On the Spectrum of Superspheres

TL;DR

This paper analyzes the spectrum of supersphere sigma models, constructs vertex operators, and explores a duality with the Gross-Neveu model, providing explicit anomalous dimensions and examining the spectrum correspondence.

Contribution

It applies recent spectrum results to supersphere sigma models, constructs vertex operators, and revisits a duality with the Gross-Neveu model with explicit calculations.

Findings

Explicit formulas for anomalous dimensions of vertex operators

Recovery of the zero mode spectrum at finite Gross-Neveu coupling

Discussion of potential high-gradient operator instabilities

Abstract

Sigma models on coset superspaces, such as odd dimensional superspheres, play an important role in physics and in particular the AdS/CFT correspondence. In this work we apply recent general results on the spectrum of coset space models and on supergroup WZNW models to study the conformal sigma model with target space S^{3|2}. We construct its vertex operators and provide explicit formulas for their anomalous dimensions, at least to leading order in the sigma model coupling.

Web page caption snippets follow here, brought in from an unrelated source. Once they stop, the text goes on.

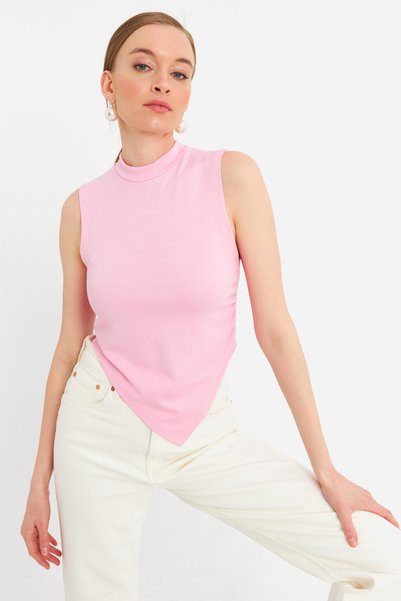 Women's Pink Sleeveless Crop Blouse Zh07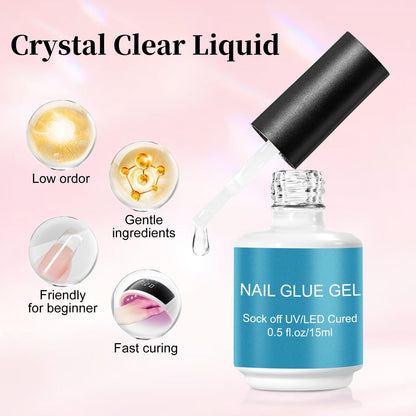 Nailwind gel nail glue bottle with brush applicator showing texture
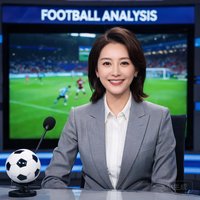 一位女性足球分析师面带自信笑容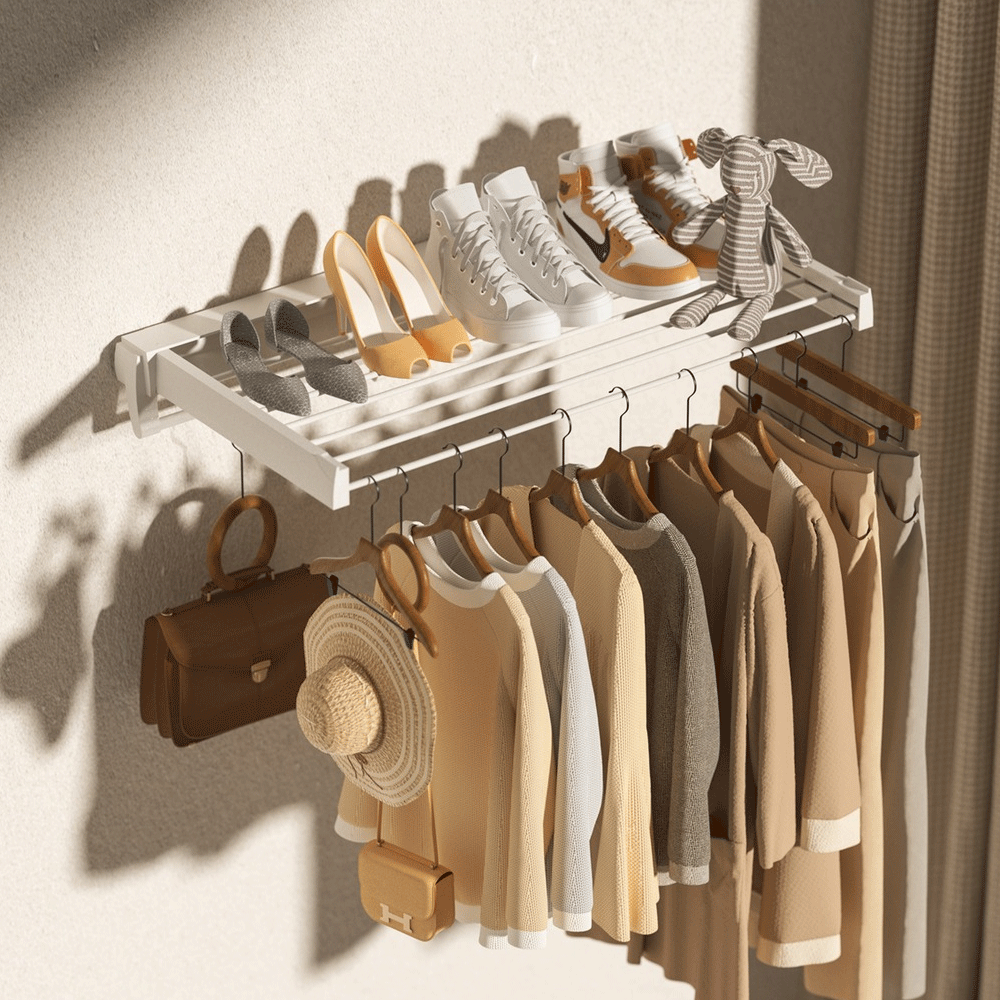 Alston Wall Mounted Drying Rack Clothes Airer Space Saver Folding Dryer Bearing Capacity 12KG Foldable Rail With Hooks Indoor Outdoor Balcony Laundry White — image 5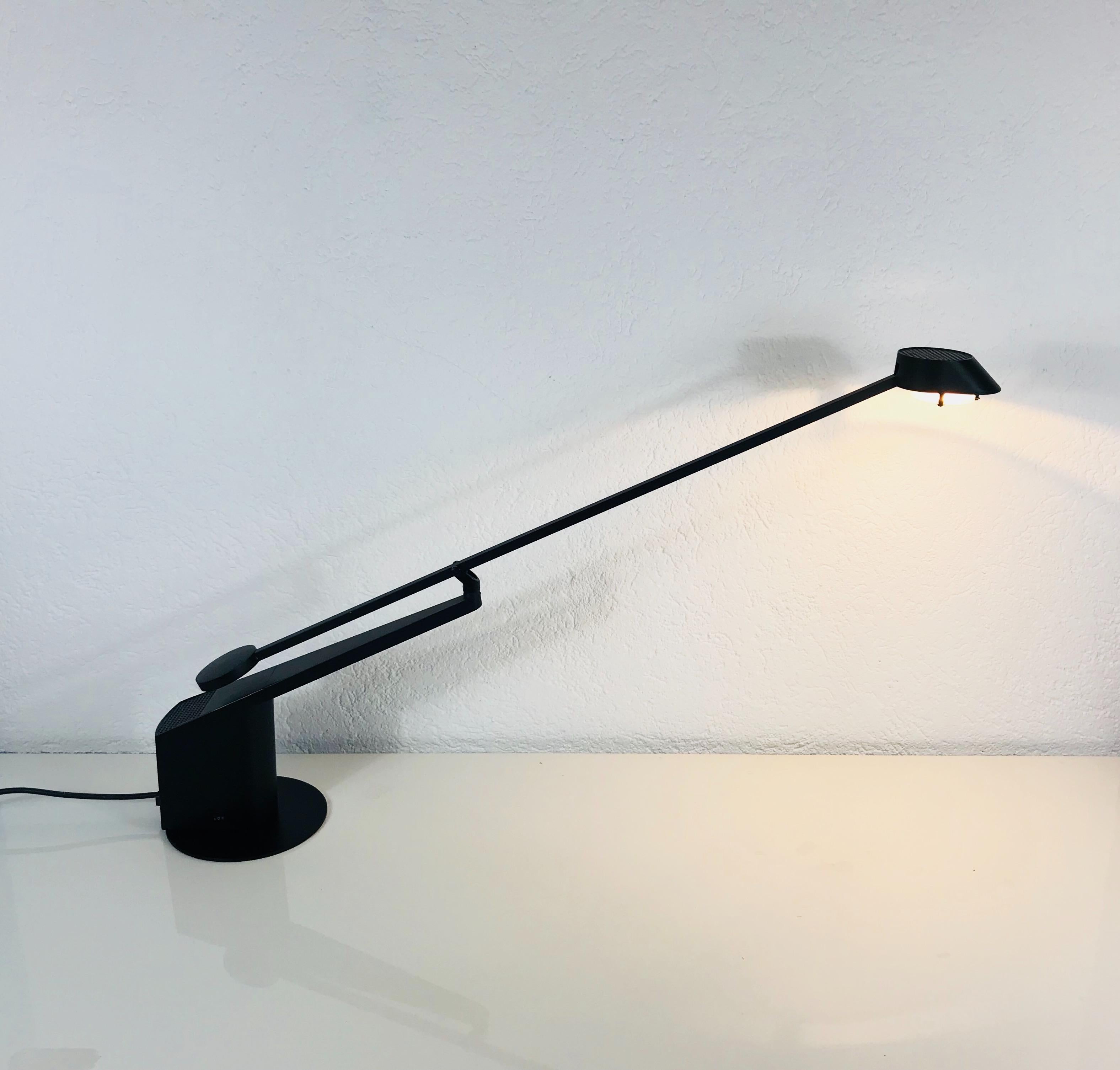 Aluminum ALA Adjustable Black Table Lamp from Rodolfo Bonetto for Guzzini, 1983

The results are used to revisit a non-perturbative duality between the supersphere and the OSP(4|2) Gross-Neveu model that was conjectured by Candu and Saleur. With the help of powerful all-loop results for 1/2 BPS operators in the Gross-Neveu model we are able to recover the entire zero mode spectrum of the sigma model at a certain finite value of the Gross-Neveu coupling. In addition, we argue that the sigma model constraints and equations of motion are implemented correctly in the dual Gross-Neveu description. On the other hand, high(er) gradient operators of the sigma model are not all accounted for. It is possible that this discrepancy is related to an instability from high gradient operators that has previously been observed in the context of Anderson localization.